How Jeff Koons Built the Art World’s Most Expensive Shrine to Middle-Class Taste

  • Oops!
    Something went wrong.
    Please try again later.

The world’s most expensive living artist is slowly making his way across an elegant Florentine square. Photographers surround Jeff Koons like a flock of hungry seagulls. It is the launch of his first big retrospective in Italy and he’s getting the kind of attention normally reserved for a Hollywood film star. Koons, 66, is one of a handful of celebrities in the world of visual art whose name pulls crowds to museums. He is also one of its most divisive figures, whose sculptures sell to the super-rich for tens of millions of dollars.

Over the past 25 years the growing number of high-net-worth individuals has led to an explosion in the contemporary art market. According to Artprice.com, the contemporary art price index soared to an all-time high at the beginning of summer 2021—with price increases of 400 percent since the early 2000s. In the past year alone, $2.7 billion worth of contemporary works have changed hands at auction. About a third of these sales are generated by a handful of artists: Koons is one of them, Banksy is another. In 2019 Koons became the highest-selling living artist when his stainless-steel Rabbit, modeled on a child’s inflatable bunny, sold for more than $91 million to a billionaire hedge fund manager.

More from Robb Report

Slim with a well-coiffed head of dark hair, Koons is dressed in a navy shirt and a well-pressed pair of jeans. He looks more like a Wall Street banker than a tortured, paint-splattered creative—perhaps because he once was. He spent six years as a commodities trader before taking up art full-time. Today, his work divides the art world between those who think he is a cynical salesman creating big, shiny, superficial trophies and those who see him as a great figure in the American pop art tradition, the heir to Andy Warhol.

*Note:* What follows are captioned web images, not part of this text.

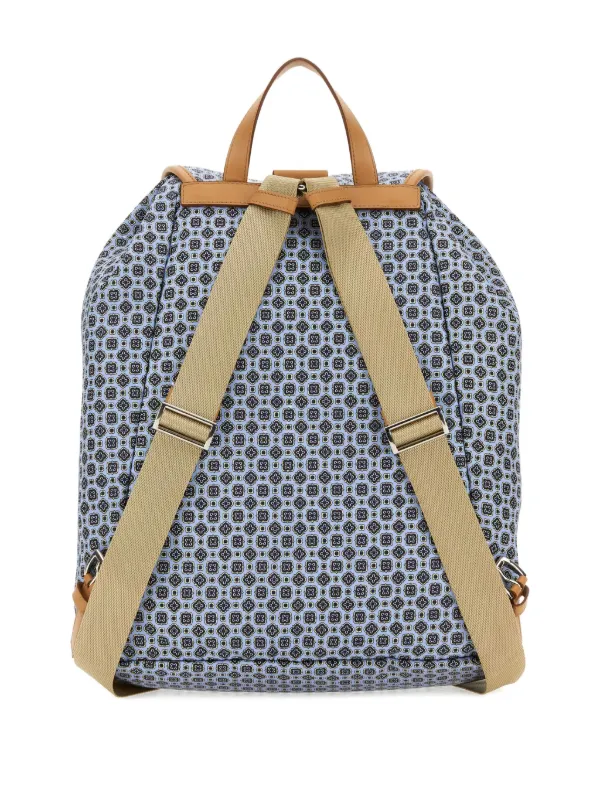 Prada printed-pattern leather-trimmed Backpack | Blue | FARFETCH ZA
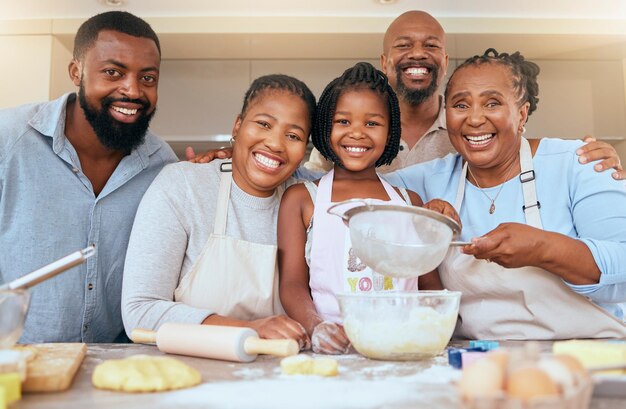 Gelukkig zwart familieportret bak- of kookonderwijs in de keuken voor het leren van pizza's of het onderwijzen van een kind in huis Hobbybakkerij of gelukkig gezin voor liefdesondersteuning of ontbijt thuis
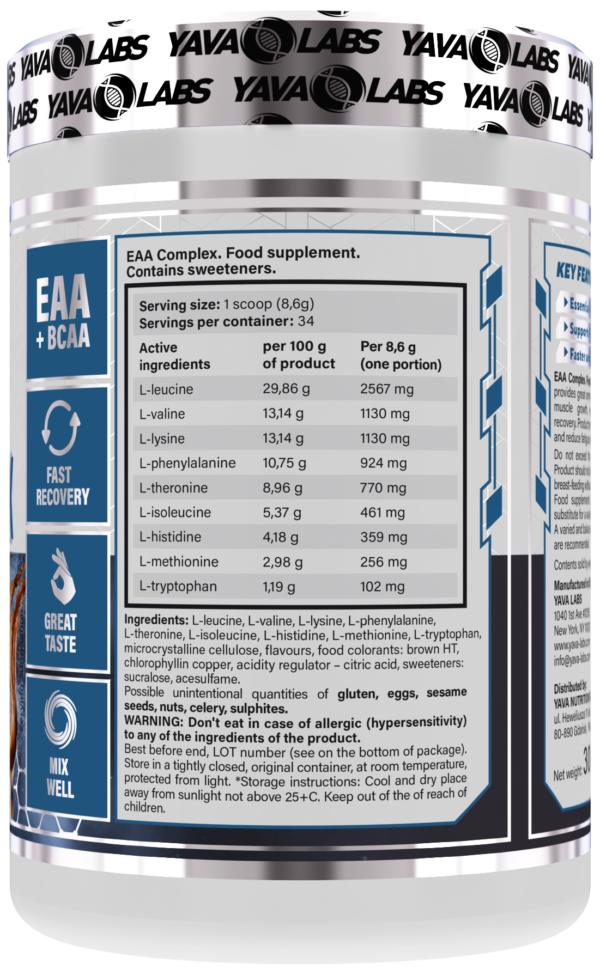 EAA kompleks Yava Labs 300g - aminokwasy dla sportowców - obrazek 6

For Koons to be exhibited in the home of the Renaissance is an important affirmation. He may have conquered the market since he emerged from the New York art scene of the 1980s but he has struggled to conquer the critics. In 2004 the renowned Australian art critic Robert Hughes famously wrote: “Koons really does think he’s Michelangelo and is not shy to say so. . .He has the slimy assurance. . .of a blow-dried Baptist selling swamp acres in Florida.” But attitudes towards him are shifting and many world-class museums have exhibited Koons shows in recent years, including the Ashmolean in Oxford.

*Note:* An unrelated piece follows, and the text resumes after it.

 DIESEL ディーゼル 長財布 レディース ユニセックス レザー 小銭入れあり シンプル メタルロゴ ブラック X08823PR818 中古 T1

Koons’s manner is patient and polite with everyone who approaches him. When I first meet him in Florence he nervously asks me if his breath smells. Apparently there had been some confusion over his breakfast order. “I asked for an egg-white omelette with onions, spinach and tomatoes and after eating it I realized they’d put garlic in, so if you can smell something, please tell me.” He is a perfectionist who likes to be in control of his environment. The unexpected garlic has clearly thrown him.

Like his artworks, he is polished on the outside, but the carapace is difficult to penetrate. He often seems to be talking from a pre-written script, with stock phrases that are constantly repeated. Talking to him can be a surreal experience as he robotically trots out a ready-made narrative about his art and his life, regardless of the question posed. When I ask how it feels to be exhibiting in Florence, he says he’s “thrilled to be involved in a dialogue with a wider community about art. I’m thrilled because when I started, I knew nothing about art.” He then launches into a well-rehearsed story that appears in almost every interview he’s ever given about growing up in suburban Pennsylvania. It’s an origin story that is deeply rooted in a bright and hopeful postwar American consumer culture—and a theme he will return to repeatedly during both my encounters with him, first in Italy and later at his studio in New York.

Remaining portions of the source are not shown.